Evangelical Times is to be commended for its ‘ET Perspectives’ series of booklets, which helpfully reproduces selected writings originally published in this paper. This latest title brings together in seven short chapters a series of articles on mission by Daniel Grimwade, combined with a chapter each from Daniel Webber and Jonathan Bayes.
First, Daniel Webber addresses the challenge of reaching Europeans with the gospel in the face of contemporary philosophies and distorted representations of Christianity. The church must respond biblically to these by establishing the truth in people’s minds, ensuring spiritual vitality among the churches, and recapturing a biblical view of her role in the world. ‘Her primary task is the proclamation of the gospel.’
In succeeding chapters, Daniel Grimwade lays the foundation that God is the author of biblical mission and that conscious faith in Jesus Christ is essential for salvation. He discusses God’s strategy for us to take the gospel to every people-group of the world.
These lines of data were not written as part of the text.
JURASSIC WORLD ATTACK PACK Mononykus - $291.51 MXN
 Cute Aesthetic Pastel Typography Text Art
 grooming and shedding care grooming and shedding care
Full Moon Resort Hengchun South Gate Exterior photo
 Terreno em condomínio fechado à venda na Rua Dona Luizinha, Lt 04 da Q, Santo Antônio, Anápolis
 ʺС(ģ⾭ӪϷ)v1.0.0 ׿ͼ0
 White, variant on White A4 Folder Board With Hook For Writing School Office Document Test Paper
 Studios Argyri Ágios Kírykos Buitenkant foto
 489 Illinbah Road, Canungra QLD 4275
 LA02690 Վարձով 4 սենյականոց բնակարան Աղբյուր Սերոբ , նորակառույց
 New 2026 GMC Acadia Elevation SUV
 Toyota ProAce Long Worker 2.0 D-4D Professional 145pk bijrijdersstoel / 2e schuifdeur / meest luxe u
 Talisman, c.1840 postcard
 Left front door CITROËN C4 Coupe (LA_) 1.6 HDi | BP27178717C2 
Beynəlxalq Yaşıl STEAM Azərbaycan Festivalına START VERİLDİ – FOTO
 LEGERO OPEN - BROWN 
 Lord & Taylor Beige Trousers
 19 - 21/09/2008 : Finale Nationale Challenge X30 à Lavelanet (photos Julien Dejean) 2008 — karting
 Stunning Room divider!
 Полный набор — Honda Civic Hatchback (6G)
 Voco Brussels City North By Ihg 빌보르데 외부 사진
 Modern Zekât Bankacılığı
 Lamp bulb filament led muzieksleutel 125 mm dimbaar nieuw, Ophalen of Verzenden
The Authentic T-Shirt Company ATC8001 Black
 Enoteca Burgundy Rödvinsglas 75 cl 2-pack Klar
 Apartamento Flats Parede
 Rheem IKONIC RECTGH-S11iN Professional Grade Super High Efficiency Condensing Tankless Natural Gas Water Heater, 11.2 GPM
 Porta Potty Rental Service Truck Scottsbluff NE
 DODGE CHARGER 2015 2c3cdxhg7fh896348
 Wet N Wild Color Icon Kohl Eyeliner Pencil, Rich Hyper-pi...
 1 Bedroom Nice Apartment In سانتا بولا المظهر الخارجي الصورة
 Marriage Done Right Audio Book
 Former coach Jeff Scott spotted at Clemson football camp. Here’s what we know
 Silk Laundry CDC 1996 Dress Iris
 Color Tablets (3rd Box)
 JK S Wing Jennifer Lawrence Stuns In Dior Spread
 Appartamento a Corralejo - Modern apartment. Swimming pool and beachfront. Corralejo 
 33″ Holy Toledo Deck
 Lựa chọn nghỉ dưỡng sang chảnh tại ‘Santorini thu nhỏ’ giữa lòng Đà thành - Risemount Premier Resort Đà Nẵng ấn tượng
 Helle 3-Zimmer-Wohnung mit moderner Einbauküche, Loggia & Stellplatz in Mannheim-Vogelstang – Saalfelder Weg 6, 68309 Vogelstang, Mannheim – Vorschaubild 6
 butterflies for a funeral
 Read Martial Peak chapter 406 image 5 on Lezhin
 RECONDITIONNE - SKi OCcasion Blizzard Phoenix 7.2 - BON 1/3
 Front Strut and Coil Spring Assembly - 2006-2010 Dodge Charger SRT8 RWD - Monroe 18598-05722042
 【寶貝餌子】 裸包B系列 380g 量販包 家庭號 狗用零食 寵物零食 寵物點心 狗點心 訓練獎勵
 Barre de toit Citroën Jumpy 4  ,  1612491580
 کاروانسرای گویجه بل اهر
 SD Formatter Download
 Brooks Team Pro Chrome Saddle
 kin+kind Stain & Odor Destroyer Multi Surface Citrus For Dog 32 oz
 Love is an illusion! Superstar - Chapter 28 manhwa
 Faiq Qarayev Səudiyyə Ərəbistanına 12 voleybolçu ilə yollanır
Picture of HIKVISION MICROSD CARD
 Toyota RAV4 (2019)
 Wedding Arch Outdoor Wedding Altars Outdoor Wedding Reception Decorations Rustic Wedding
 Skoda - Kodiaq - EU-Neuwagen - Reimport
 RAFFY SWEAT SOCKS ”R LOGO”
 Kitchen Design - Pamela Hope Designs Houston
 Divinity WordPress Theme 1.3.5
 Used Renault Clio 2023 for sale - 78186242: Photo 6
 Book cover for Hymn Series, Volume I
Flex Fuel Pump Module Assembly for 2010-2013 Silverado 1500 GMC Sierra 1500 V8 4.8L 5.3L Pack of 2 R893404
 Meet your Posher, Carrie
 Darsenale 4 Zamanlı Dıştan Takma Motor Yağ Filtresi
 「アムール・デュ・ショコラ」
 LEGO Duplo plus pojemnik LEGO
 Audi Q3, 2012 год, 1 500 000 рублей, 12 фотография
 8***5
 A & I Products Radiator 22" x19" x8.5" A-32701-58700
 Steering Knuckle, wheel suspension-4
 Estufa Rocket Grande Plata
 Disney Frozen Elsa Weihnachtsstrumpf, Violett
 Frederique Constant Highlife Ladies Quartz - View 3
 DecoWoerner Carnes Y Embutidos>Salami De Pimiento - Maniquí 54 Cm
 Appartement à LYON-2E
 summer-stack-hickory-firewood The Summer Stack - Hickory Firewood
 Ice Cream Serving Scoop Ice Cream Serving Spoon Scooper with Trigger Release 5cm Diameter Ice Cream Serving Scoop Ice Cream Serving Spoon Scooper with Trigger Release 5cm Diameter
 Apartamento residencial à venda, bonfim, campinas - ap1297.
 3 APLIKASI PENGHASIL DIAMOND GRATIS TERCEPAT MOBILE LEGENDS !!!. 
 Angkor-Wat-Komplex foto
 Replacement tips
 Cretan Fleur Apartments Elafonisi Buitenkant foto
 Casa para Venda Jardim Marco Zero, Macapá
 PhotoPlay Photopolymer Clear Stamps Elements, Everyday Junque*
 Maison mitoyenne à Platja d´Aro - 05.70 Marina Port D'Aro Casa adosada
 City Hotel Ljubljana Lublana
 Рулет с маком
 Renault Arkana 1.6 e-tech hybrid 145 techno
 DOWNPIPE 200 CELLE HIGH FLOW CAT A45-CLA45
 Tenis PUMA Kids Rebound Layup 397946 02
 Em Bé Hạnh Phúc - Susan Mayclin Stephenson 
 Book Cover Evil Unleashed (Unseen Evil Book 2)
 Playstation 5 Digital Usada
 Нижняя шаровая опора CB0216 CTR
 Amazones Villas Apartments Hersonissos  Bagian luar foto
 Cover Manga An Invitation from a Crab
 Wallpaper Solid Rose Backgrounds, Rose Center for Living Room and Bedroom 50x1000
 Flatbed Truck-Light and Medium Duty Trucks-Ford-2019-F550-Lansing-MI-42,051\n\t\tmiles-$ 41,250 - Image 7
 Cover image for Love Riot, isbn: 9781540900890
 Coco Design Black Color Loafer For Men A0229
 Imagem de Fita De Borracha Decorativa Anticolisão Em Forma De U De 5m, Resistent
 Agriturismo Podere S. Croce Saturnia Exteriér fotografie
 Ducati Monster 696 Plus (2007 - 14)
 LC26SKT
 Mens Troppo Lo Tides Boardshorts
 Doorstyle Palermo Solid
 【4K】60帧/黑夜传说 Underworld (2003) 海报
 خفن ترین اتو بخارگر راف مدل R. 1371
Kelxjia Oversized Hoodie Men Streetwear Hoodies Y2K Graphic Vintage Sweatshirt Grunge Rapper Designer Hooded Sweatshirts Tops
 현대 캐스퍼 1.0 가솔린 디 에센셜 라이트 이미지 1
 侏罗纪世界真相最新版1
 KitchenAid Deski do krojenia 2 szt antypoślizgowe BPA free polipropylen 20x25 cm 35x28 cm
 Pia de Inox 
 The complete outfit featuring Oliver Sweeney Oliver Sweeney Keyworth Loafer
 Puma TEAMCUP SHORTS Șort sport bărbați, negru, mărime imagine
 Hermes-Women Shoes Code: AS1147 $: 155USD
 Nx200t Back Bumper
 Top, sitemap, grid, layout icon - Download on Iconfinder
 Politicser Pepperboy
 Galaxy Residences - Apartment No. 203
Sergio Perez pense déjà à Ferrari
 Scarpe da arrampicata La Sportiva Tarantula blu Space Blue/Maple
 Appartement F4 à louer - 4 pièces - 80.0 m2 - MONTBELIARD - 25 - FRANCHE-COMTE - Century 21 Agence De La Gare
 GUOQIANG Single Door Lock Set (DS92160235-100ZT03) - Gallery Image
The agency by which this is to be achieved is the local church — sending, financing, training, encouraging and praying. The type of people required for missionary service must be ‘sacrificial, Christ-centred people who are willing to suffer for Jesus’ sake’, a qualification which is all too often overlooked today. He concludes with practical suggestions for churches and discusses the importance of the deputation meeting.
Jonathan Bayes then provides readers with an illuminating case-study of John Calvin’s mission to France, describing Calvin as effectively the ‘director of an international, underground evangelistic mission’! Not only did the church in Geneva send numerous missionaries to France, but the printing of literature also played an important role.
I highly recommend this booklet, with one word of advice: don’t put it on a book shelf where it will soon be forgotten. Rather, with your minister’s or elders’ agreement, purchase a quantity for your church to study at midweek meetings or discuss in home groups, as the publishers suggest.
After all, its stated aim is to help churches and ministers become mission-focused, and this can only be achieved by taking the booklet’s message seriously!